* _Aim of the exercise_
Only a number is wanted here: the number of lines of the data that include "Dress".

* _Supplied records_
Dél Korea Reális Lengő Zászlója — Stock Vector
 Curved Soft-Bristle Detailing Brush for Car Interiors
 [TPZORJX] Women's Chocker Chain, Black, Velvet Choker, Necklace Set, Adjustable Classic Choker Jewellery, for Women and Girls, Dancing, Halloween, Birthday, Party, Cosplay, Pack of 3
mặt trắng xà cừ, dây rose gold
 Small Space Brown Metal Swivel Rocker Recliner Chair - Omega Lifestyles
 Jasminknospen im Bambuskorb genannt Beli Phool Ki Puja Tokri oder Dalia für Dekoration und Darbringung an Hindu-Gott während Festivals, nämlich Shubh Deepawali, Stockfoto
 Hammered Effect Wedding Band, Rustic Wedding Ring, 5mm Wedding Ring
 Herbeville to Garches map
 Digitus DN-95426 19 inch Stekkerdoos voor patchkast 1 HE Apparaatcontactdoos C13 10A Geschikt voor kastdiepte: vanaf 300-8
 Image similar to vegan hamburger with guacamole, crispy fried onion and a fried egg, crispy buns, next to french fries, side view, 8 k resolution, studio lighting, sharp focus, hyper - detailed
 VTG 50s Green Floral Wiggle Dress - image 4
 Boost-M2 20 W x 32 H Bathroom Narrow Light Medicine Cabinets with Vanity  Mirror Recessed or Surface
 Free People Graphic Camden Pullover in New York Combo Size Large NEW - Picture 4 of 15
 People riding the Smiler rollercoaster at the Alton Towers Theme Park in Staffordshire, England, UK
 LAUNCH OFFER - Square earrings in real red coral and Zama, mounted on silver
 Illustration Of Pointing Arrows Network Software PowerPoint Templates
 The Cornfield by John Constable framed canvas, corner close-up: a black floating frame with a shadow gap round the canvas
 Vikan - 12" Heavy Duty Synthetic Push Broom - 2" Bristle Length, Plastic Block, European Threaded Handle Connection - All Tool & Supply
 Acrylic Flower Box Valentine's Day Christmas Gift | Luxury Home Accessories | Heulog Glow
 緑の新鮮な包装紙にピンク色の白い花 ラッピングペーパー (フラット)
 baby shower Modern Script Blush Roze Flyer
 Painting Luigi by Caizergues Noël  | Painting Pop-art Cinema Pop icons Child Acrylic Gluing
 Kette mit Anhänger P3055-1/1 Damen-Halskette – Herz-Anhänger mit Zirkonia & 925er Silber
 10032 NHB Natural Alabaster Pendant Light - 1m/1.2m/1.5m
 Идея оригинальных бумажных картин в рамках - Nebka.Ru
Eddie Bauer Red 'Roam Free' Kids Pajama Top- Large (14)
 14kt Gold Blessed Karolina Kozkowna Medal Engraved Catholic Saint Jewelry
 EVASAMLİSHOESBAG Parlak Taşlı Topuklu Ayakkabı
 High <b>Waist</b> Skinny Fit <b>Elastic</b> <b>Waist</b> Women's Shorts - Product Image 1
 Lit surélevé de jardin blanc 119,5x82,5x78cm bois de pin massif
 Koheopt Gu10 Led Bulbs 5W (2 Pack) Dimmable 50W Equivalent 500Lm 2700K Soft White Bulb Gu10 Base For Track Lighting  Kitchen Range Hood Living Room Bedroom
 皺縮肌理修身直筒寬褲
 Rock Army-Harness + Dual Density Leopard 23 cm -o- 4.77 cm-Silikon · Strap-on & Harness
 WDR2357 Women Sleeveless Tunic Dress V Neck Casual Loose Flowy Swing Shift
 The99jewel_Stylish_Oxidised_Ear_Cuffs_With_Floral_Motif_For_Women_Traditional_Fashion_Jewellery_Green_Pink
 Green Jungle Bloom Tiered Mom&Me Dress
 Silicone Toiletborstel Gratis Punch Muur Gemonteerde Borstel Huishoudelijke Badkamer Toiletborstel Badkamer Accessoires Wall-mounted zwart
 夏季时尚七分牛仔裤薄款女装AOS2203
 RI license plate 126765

* _Task output_
3